Thursday, July 09, 2020

Hunger Comes

Millions of people are being pushed towards hunger by the coronavirus pandemic, which could end up killing more people through lack of food than from the illness itself.
Oxfam has warned that, by the end of the year, 12,000 people per day could die from hunger linked to Covid-19 - potentially 2,000 more than died from Covid-19 each day in April.
The charity says a number of factors will cause an increase in hunger, including mass unemployment, food producers dealing with lockdowns, and difficulties distributing aid.
Their report identifies 10 "hunger hotspots": Yemen, DR Congo, Afghanistan, Venezuela, West African Sahel, Ethiopia, South Sudan, Syria, Sudan, and Haiti.
Closed borders, curfews and travel restrictions have disrupted food supplies and incomes in already fragile countries, forcing an extra million people closer to famine in Afghanistan and heightening the humanitarian disaster in Yemen, where two-thirds already live in hunger. Remittances from Yemeni workers abroad had dropped by 80% – $253m (£200m) – in the first four months of 2020 as a result of job losses across the Gulf region. The closure of supply routes has led to food shortages and food price hikes in the country, which imports 90% of its food.
One million more people are facing famine in Afghanistan as a result of coronavirus, according to a report from the charity.
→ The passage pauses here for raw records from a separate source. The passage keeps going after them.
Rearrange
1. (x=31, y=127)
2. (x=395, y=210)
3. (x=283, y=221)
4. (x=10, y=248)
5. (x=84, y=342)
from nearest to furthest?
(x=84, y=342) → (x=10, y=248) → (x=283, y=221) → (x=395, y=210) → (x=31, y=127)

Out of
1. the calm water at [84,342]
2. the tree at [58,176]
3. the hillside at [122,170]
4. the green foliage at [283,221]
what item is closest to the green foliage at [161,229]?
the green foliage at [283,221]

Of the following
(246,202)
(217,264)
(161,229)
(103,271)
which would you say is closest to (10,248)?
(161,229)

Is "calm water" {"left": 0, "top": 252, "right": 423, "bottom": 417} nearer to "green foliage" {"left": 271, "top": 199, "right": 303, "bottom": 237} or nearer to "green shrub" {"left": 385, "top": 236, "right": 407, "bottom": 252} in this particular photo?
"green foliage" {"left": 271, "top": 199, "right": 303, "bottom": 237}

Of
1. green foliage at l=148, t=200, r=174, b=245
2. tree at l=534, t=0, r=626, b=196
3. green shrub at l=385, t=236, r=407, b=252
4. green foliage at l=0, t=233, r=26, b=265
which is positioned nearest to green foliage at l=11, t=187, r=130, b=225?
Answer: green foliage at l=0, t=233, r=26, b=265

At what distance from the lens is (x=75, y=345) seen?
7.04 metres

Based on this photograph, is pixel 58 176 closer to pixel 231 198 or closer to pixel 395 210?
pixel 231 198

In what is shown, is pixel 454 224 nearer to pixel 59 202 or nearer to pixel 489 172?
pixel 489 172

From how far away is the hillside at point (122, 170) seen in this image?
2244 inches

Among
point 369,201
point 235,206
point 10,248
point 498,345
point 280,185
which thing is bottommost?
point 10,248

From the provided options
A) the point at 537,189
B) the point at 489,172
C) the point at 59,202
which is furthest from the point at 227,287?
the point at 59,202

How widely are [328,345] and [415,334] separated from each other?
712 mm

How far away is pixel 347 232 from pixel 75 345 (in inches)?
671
The number of people on the brink of famine in the country rose sharply from 2.5 million last September to 3.5 million in May, the result of border closures and the economic downturn in neighbouring Iran that caused a drop in home remittances by overseas workers.
“The knock-on impacts of Covid-19 are far more widespread than the virus itself, pushing millions of the world’s poorest people deeper into hunger and poverty. It is vital governments contain the spread of this deadly disease, but they must also prevent it killing as many – if not more – people from hunger,” said the chief executive of Oxfam GB, Danny Sriskandarajah. “For many people, Covid-19 comes as a crisis on top of a crisis. To break the cycle of hunger, governments must build fairer and more sustainable food systems that ensure small-scale producers and workers earn a living wage.”
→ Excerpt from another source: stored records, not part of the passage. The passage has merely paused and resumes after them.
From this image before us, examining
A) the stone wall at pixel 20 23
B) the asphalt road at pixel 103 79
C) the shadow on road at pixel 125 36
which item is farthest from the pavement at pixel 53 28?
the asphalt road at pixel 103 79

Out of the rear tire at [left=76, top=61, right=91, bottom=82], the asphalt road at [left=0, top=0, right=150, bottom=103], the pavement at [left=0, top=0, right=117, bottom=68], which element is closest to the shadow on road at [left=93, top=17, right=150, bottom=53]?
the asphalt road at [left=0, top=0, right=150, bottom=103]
Oxfam said countries with existing problems, such as South Sudan and Syria, were already seeing hunger worsen but there was also concern for middle-income countries such as India and Brazil.
Mass unemployment was affecting all countries, but informal labourers were suffering the most, often unable to travel to work. Travel restrictions were also hitting food supplies by preventing farmers from hiring workers and small-scale producers from accessing their own fields.
The UN World Food Programme, which estimates that the number of people facing severe hunger will increase by about 122 million this year as a result of the pandemic, cut food deliveries by almost half in northern Yemen. Oxfam said humanitarian assistance around the world had been curtailed by restrictions on movement and other precautions to prevent the virus spreading.
Oxfam also highlighted a crisis in Africa’s Sahel region, where at least 4 million people have been displaced by extreme climate conditions that were damaging crops, causing greater tension between communities sharing resources.